I think I’ve tracked down the issue.
Huge thanks to @blurfl for finding the tool to inspect the heap. After taking a look at it, it was pretty clear that fragmentation wasn’t the issue. It looked exactly like we would expect it to (yay!)
The only other thing that I could think of that could hold onto and build error over the course of a run was the integral term of the PID controller, and that seems to have been the issue. The integrator term was winding up and saturating making the machine move in a jerky way.
I’ve reduced the value of _Ki and now it seems to be happy. The drawback is that when the machine first powers up it takes a second or two longer to compensate for the weight of the sled.
Bonus points to @seware for calling that it wasn’t a heap issue!
I’m going to add an option to change the PID tuning values from the Advanced Settings in Ground Control so that anyone who wants to can easily play with them, and maybe we’ll find a better set
_Ki was going to be my second guess. (actually I just thought it referred to a fraternity)
Nice work bar. You have a knack for troubleshooting.
And to everyone else who is regularly contributing. Some very cool people here.
I noticed the right motor (the end where my laptop is) would buzz anytime the z was tweaked, for example when zeroing the bit. Does this eliminate that?
Thanks @seware! I get to listen to everyone’s suggestions and then I look smart
@mooselake That hum is normal, it’s just the sound of the PWM signal which control the motor. The left motor sounds different from the right motor because they are controlled using different PWM sources due to the fact that the pin which controls the left motor is also used by the timer which is used to trigger the PID loops to recompute. We’ll probably make them both sound the same eventually just for everyone’s sanity, but they should function the same
Sweet. Thank you so much.
I was close in my guess that:
But honestly, I am well over my head here so that is nothing more than dumb luck.

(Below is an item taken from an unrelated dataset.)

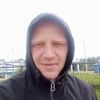 Женя, 34, г.Ухта Женя, 34, г.Ухта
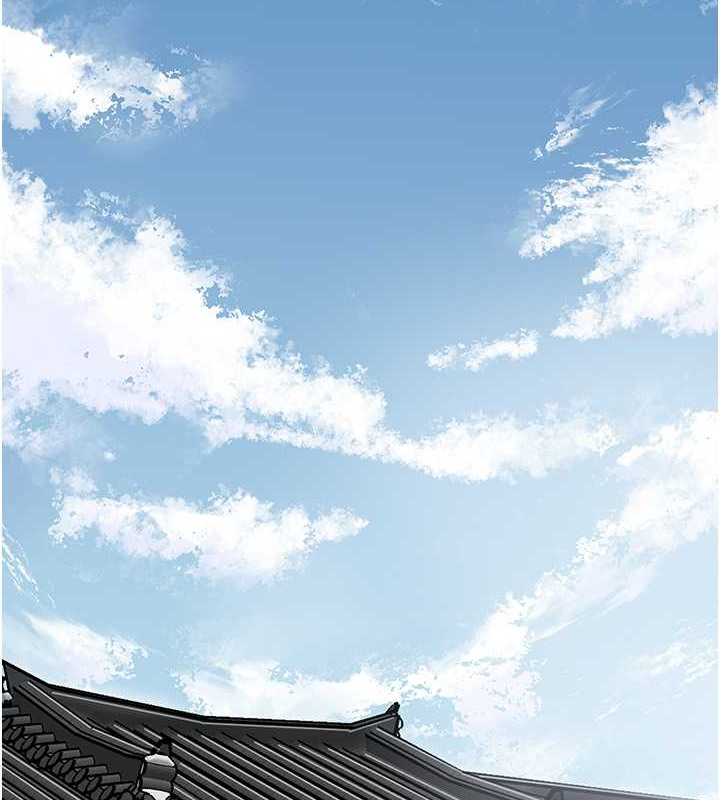 花容湿色:取花点 第14話-子子孫孫全獻給姐姐 韩漫图片68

Still a pretty spot on guess!
I couldn’t tell if the left end buzzed; it was over 10 feet away and I had the laptop on the end of a lumber pile. To be more specific, I was only moving the Z (tweaking the bit position a, well, bit at time to zero it), not X/Y, and a bit surprised that there was any activity on the other axes every time the Z moved.

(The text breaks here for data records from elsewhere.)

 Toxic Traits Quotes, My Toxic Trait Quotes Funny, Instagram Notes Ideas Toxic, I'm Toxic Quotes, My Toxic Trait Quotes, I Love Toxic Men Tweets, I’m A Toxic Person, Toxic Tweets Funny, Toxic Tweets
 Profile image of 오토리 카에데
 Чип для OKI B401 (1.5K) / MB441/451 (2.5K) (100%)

It looked like the sled didn’t move.
Is there any way you could implement an autotune feature in the future? Every sled will be different. BTW, I’m an ignorant PIDder (hopefully not PIDdler), but do know an expert on another forum
The results of the change to Ki are night and day. Everything runs and sounds so much smoother now. When performing a drilling step, the XY positioning remains extremely constant and the motors don’t sound like they are struggling.